= TASK OBJECTIVE =
Below are the records; restate word for word the lines from the first through the one containing "Learning Resources Magnetic", and only those.

*** PROVIDED MATERIAL ***

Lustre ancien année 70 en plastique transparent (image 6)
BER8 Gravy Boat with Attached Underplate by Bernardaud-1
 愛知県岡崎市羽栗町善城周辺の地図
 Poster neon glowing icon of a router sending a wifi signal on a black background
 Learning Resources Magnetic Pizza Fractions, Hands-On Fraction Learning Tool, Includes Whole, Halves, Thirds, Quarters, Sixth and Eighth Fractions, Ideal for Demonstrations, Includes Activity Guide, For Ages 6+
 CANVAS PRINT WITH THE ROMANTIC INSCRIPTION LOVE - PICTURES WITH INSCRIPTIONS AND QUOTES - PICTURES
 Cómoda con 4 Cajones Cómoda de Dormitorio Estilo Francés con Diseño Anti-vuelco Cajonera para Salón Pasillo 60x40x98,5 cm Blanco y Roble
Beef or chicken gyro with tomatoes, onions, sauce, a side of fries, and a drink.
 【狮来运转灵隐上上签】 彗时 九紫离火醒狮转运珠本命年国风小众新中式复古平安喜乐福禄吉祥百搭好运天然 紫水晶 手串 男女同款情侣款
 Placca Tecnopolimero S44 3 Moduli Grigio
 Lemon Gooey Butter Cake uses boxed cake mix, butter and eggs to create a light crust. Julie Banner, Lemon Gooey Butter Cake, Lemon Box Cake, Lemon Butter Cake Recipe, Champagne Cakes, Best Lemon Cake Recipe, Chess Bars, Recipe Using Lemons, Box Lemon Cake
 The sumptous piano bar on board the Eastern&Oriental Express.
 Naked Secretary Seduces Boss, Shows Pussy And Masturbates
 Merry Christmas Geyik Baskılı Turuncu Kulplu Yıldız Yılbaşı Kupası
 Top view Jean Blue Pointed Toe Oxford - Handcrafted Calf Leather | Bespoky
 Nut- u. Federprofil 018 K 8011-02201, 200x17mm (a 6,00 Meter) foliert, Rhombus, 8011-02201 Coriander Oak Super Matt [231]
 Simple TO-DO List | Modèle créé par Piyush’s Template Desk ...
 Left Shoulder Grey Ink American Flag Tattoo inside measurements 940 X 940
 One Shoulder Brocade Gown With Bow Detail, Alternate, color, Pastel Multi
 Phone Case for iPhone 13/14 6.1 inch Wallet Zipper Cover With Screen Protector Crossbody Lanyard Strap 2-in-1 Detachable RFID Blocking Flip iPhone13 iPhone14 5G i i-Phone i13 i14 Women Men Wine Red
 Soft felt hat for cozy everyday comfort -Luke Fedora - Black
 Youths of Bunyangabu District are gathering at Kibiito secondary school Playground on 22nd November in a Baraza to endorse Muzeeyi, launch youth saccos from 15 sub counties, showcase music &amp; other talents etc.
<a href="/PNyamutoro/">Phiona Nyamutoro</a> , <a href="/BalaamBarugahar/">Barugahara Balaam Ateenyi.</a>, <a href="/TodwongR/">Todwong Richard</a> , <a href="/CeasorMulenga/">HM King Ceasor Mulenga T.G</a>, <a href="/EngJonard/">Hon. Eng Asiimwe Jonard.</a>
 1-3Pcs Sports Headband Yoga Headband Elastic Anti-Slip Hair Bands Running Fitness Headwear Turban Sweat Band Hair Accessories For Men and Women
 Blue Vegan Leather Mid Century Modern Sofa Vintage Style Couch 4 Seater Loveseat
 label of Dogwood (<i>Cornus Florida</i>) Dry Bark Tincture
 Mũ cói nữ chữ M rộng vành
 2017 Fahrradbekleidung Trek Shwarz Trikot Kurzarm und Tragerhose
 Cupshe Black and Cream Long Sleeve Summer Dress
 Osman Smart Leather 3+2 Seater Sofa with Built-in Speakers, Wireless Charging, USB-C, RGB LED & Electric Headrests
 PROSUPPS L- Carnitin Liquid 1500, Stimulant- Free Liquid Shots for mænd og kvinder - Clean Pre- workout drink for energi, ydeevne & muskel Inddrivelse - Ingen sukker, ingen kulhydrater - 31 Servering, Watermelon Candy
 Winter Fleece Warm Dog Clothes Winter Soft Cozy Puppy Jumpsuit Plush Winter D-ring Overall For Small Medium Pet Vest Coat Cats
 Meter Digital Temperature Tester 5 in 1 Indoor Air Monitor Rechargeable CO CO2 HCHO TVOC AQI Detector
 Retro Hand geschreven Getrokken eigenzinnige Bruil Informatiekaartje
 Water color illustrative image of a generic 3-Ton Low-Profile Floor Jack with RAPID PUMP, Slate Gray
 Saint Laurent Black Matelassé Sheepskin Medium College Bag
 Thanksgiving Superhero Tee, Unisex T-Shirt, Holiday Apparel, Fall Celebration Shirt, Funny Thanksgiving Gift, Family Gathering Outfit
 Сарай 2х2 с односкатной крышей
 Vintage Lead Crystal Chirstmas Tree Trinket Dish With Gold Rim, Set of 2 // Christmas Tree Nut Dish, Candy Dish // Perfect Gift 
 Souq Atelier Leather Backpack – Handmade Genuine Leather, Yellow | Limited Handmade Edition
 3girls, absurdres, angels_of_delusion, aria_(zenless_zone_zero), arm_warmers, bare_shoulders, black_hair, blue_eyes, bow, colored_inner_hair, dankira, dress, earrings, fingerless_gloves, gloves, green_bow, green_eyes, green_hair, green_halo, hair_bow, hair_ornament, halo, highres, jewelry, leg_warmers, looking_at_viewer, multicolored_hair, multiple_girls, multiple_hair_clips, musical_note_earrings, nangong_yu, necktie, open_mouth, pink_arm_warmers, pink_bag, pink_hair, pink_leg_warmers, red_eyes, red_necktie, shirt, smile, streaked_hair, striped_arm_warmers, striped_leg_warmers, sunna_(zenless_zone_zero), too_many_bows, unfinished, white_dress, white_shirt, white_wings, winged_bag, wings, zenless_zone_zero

*** End of PROVIDED MATERIAL ***

= OUTPUT OF THE EXERCISE =
Lustre ancien année 70 en plastique transparent (image 6)
BER8 Gravy Boat with Attached Underplate by Bernardaud-1
 愛知県岡崎市羽栗町善城周辺の地図
 Poster neon glowing icon of a router sending a wifi signal on a black background
 Learning Resources Magnetic Pizza Fractions, Hands-On Fraction Learning Tool, Includes Whole, Halves, Thirds, Quarters, Sixth and Eighth Fractions, Ideal for Demonstrations, Includes Activity Guide, For Ages 6+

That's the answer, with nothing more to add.